Dans le cadre de ses voyages, Prokoudine-Gorski a reçu une commission du ministère des Transports pour photographier le long du canal Mariinsky, dans le nord-ouest de la Russie, en juin et juillet 1909. Cette voie navigable, qui reliait Saint-Pétersbourg au bassin de la Volga, a été créée par Pierre le Grand puis développée pendant le règne de l’empereur Paul Ier (1796-1801), qui l’a nommée d’après son épouse, l’impératrice Maria Feodorovna.
La partie supérieure du système s’étendait depuis la Neva à Saint-Pétersbourg jusqu’au lac Ladoga, puis via la rivière Svir dans la partie sud du lac Onega. Pidma, un village du XVIe siècle, situé près du centre de la rivière Svir, a attiré l’attention de Prokoudine-Gorski avec sa remarquable église de la Transfiguration en bois, une grande structure octogonale construite dans les années 1690. Elle sera détruite par le feu en avril 1942.
Le musée de Semionkovo
Heureusement, Prokoudine-Gorski a pris plusieurs photos du village, qui comprenaient l’église de la Transfiguration. L’un des clichés est particulièrement intéressant et montre un ensemble de maisons en bois et de granges dont les formes étaient très répandues dans le Nord de la Russie. C’est évident, si l’on compare son point de vue et mes photographies des maisons en bois qui ont été amenées à l’exposition du musée d’extérieur de Semionkovo, au nord-ouest de la ville septentrionale de Vologda. Comme d’autres musées de plein air, comme Malyé Korely, Semionkovo a été fondé afin d’offrir un aperçu tangible des traditions culturelles régionales.

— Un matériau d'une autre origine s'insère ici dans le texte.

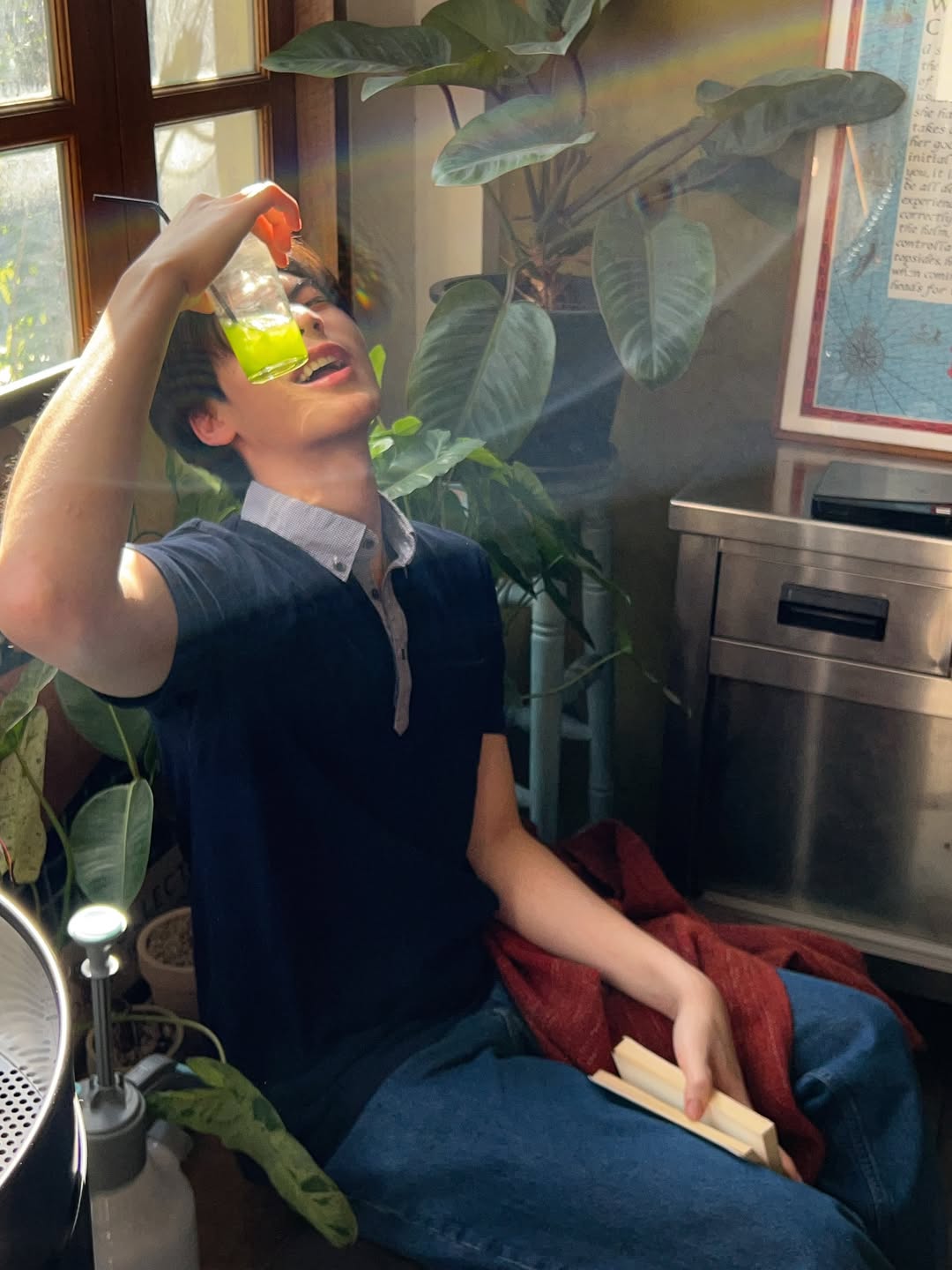 ธีร์ - ธีรติ เอกเสถียร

La grande particularité du parc de Semionkovo est l’église Saint-Georges, érigée à la base au début du XVIIIe siècle au village de Totsky, dans la région de Tarnoga, au nord-est de Vologda. Bien que les plans de sa préservation et les mesures précises aient été conduits au début des années 1980, les retards ont mené à une dégradation progressive de la structure, à tel point que la version actuelle à Semionkovo est une reproduction exacte avec quelques détails originaux.

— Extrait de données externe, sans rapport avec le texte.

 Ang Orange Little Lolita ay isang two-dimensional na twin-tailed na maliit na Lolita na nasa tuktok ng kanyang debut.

La forme de l’église de Saint-Georges est une expression dramatique du vertical, que l’on retrouve souvent dans le Nord russe. La base est une simple structure cubique avec un porche élevé et une abside pour l’autel au côté est. Dans ce cas, l’abside est divisée en deux, avec l’autel nord dédié à saint Georges et celui au sud consacré aux saints Boris et Gleb.
Le centre de cette base solide supporte une structure octogonale qui culmine en un toit évasé, qui évacue l’humidité. Au-dessus, il y a une tour « tente » frappante, couronnée d’une coupole et d’une croix. La hauteur totale est de presque 39 mètres au sommet de la croix. De telles églises étaient de puissantes expressions de la communauté dans les vastes forêts du nord.
Chaque izba à sa manière
La partie principale du musée de Semionkovo est la collection de maisons en bois traditionnelles. Chacune des onze maisons réassemblées sur le territoire du parc illustre la variété et la créativité de l’architecture en bois traditionnelle du Nord.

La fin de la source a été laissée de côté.